Could someone please explain why this works:
#include <iostream>
using namespace std;
#define cat(a,b) cat_1(a,b)
#define cat_1(a,b) a ## b
int main()
{
cat(c,cat(o,cat(u,t))) << "Hello world!";
return 0;
}
but the same code with one less level of macro indirection does not:
#include <iostream>
using namespace std;
#define cat(a,b) a ## b
int main()
{
cat(c,cat(o,cat(u,t))) << "Hello world!";
return 0;
}
I've looked at this:
http://www.boost.org/doc/libs/1_55_0/libs/preprocessor/doc/
but while it illustrates the problem I still don't understand how this solves it. When I run the preprocessor on this (g++ -E):
#include <iostream>
using namespace std;
#define cat(a,b) cat_1(a,b)
int main()
{
cat(c,cat(o,cat(u,t))) << "Hello world!";
return 0;
}
it expands the line to:
cat_1(c,cat_1(o,cat_1(u,t))) << "Hello world!"

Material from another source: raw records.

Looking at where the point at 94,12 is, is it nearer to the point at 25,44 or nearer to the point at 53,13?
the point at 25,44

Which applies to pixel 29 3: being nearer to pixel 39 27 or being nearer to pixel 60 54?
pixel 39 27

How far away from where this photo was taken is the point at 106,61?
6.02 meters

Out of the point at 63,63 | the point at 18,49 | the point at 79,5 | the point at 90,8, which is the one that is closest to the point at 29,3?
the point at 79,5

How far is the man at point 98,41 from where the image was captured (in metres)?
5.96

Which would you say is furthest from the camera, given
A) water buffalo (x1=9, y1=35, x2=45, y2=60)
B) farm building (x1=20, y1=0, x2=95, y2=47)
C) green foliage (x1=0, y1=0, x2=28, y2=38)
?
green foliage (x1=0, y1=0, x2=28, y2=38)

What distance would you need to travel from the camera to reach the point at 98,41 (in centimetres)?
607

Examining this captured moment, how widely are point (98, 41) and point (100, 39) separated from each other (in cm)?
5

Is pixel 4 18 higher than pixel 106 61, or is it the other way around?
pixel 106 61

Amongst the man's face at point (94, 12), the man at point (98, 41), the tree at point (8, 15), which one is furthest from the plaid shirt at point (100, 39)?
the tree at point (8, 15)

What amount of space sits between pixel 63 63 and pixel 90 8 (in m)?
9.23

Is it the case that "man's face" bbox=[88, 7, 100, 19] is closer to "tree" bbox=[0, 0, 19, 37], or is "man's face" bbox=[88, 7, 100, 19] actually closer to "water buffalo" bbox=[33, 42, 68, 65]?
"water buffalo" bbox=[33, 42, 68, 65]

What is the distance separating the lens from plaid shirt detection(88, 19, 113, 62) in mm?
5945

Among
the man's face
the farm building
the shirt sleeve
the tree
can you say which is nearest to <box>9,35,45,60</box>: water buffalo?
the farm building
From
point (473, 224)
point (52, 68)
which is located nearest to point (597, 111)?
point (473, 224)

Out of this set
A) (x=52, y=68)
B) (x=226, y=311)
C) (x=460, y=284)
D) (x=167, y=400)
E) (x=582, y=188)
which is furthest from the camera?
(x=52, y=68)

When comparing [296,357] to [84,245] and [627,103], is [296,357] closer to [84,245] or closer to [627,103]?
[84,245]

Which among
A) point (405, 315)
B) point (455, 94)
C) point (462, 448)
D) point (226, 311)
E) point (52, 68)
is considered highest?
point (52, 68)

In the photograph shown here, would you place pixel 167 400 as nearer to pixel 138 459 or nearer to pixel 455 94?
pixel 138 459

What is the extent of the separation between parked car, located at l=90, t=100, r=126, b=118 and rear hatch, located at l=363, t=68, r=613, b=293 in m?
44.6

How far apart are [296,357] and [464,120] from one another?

so it looks like the problem should still be there since it maps directly to the line with just 'cat'
## operator is applied before the macro substitution is re-scanned for more macro invocations. The outer invocation first expands to ccat(o,cat(u,t)), then to ccat(o, ut) and stops there.
Extra indirection allows re-scanning to work before token pasting.

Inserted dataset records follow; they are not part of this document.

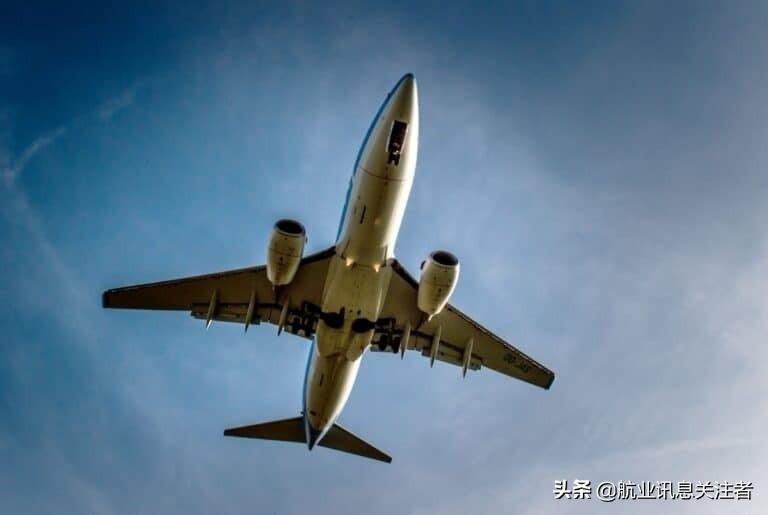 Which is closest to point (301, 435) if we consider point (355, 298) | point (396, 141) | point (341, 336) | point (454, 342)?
point (341, 336)

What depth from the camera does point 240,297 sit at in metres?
27.6

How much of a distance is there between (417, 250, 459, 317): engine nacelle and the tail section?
983cm

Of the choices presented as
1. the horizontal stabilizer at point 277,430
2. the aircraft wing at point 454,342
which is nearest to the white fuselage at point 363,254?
the horizontal stabilizer at point 277,430

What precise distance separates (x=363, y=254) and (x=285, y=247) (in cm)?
262

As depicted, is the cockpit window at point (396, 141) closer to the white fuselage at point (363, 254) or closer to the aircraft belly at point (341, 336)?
the white fuselage at point (363, 254)

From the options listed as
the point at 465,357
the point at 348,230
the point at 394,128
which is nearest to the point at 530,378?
the point at 465,357

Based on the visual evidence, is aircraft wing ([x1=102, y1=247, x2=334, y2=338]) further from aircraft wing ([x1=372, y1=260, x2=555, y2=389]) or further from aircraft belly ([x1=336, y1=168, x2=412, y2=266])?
aircraft wing ([x1=372, y1=260, x2=555, y2=389])

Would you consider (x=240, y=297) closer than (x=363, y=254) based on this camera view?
No

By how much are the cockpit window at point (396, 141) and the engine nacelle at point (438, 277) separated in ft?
13.3

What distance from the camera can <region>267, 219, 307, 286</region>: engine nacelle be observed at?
2255 centimetres

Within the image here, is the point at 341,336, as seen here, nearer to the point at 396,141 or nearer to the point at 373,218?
the point at 373,218

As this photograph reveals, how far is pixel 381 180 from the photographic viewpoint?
21.2 m

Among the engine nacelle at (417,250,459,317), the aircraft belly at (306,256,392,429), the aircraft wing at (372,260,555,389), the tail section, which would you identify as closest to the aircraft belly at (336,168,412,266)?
the aircraft belly at (306,256,392,429)

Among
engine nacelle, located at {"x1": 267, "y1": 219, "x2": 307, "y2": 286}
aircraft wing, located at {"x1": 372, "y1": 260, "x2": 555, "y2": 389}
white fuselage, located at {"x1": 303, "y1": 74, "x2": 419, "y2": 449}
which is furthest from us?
aircraft wing, located at {"x1": 372, "y1": 260, "x2": 555, "y2": 389}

Short answer: the presence of an ## operator in a macro definition stops the normal cascading substitution of macro parameters near it.

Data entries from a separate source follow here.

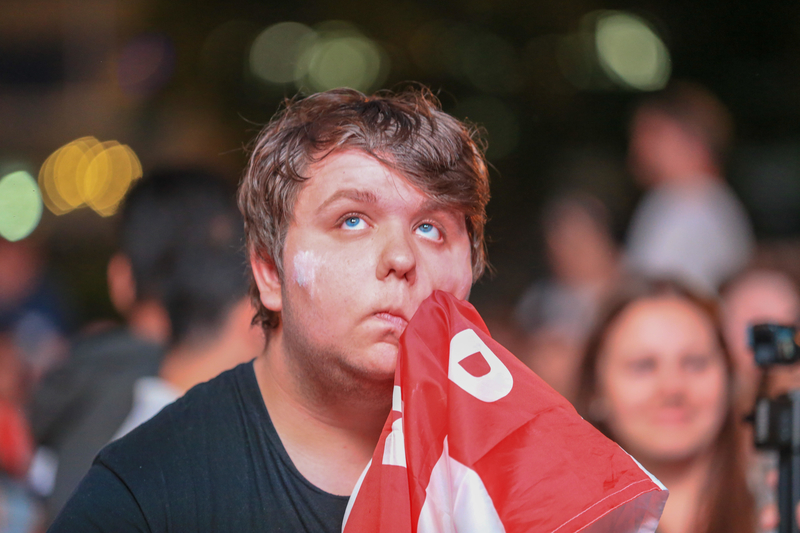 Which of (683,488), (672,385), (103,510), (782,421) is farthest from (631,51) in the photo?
(103,510)

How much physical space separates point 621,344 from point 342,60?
4.36 meters

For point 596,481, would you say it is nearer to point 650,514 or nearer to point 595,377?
point 650,514

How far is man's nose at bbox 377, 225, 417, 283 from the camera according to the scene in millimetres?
1651

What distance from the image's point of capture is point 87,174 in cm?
722

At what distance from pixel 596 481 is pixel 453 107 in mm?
4720

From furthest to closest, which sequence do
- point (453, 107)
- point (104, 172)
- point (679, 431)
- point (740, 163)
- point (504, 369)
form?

Take a subset of the first (working) version:
#define cat(a,b) cat_1(a,b)
#define cat_1(a,b) a ## b
cat(o,cat(u,t))
The last line is tokenised:
cat ( o , cat ( u , t ) )
The cat and ( tokens indicate the start of a call to the cat() macro, so the preprocessor starts replacing it with the definition of cat():
cat_1(
at this point it has to replace "a" with the argument passed in (ie. "o"), so it continues:
cat_1(o,
now it has to replace the parameter "b" with the argument passed in (ie. "cat(u,t))"), but this argument is itself a macro call, so that gets expanded before substitution to "cat_1(u,t)" and then to "u ## t" and finally to "ut", so, getting back to the top level, we end up with:
cat_1(o,ut)
which is the re-scanned, turning into:
o ## ut
and finally to
out
as expected.
In the non-working case, the rule about non-expansion near the ## comes into play:
#define cat(a,b) a ## b
cat(o,cat(u,t))
This time when the preprocessor starts replacing the outer cat() call, it immediately encounters the parameter "a" and has to replace it with the passed argument "o", which is fine, following by the ##:
o ##
Now it gets to "b" which it must replace with the argument "cat(u,t)". However, unlike the working example above, this time, the argument isn't recursively expanded because, according to the C Standard, parameters immediately preceding or following a ## operator must not be recursively expanded. So, it just leaves the "cat(u,t)" as it got it and ends up with:
o ## cat(u,t)
which is then collapsed into
ocat(u,t)
which is where the preprocessor stops, since it doesn't know about "ocat".
The ## (and #) preprocessor operators stopping recursive parameter expansion is set out in section 6.10.3.1 of the C Standard.